Test your understanding of data preprocessing and feature engineering with these questions.

1. What is the primary difference between min-max scaling and z-score standardization?

  1. Min-max scaling transforms features to have mean 0, while z-score standardization transforms to range [0,1]
  2. Min-max scaling transforms to range [0,1], while z-score standardization transforms to mean 0 and standard deviation 1
  3. Min-max scaling is only for categorical data, while z-score standardization is for numerical data
  4. Min-max scaling removes outliers, while z-score standardization preserves them
Show Answer

The correct answer is B.

Min-max scaling (normalization) transforms features to a bounded range, typically [0, 1], using the formula \(x' = \frac{x - x_{\min}}{x_{\max} - x_{\min}}\). Z-score standardization transforms features to have mean 0 and standard deviation 1 using \(x' = \frac{x - \mu}{\sigma}\). Min-max scaling preserves the original distribution shape but is sensitive to outliers, while z-score standardization is less sensitive to outliers and is preferred when features are approximately Gaussian.

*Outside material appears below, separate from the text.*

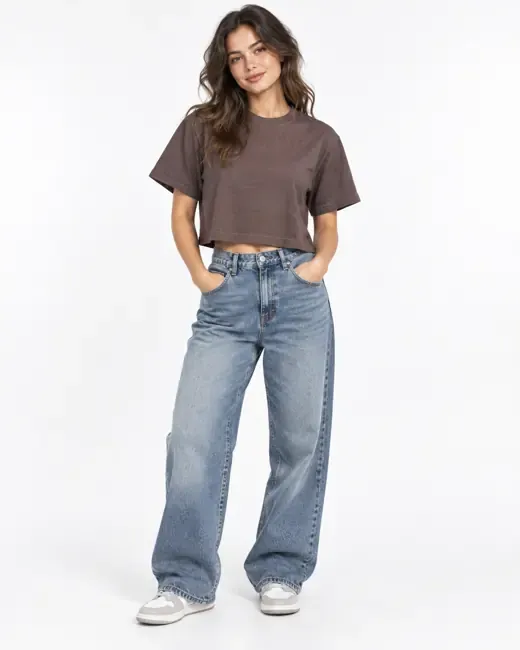 A model in a brown cropped tee and wide leg jeans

Concept Tested: Min-Max Scaling, Z-Score Normalization, Normalization, Standardization

2. Why should a scaler be fit only on training data and then applied to test data?

  1. To reduce computational cost during testing
  2. To prevent data leakage from test set into the training process
  3. To ensure test data has exactly the same range as training data
  4. To make the test set predictions more accurate
Show Answer

The correct answer is B.

Fitting the scaler on the test set would cause data leakage—information from the test set (its mean, standard deviation, min, max) would influence the model, violating the principle that test data should be completely unseen during training. The correct approach is: scaler.fit_transform(X_train) to compute statistics from training data, then scaler.transform(X_test) to apply those same transformations to test data. This simulates real-world deployment where new data must be preprocessed using only information available during training.

Concept Tested: Data Preprocessing, Standardization, Train-Test Split

3. A dataset contains a categorical variable 'education_level' with values: ['High School', 'Bachelor', 'Master', 'PhD']. Which encoding method would be most appropriate for this variable when using logistic regression?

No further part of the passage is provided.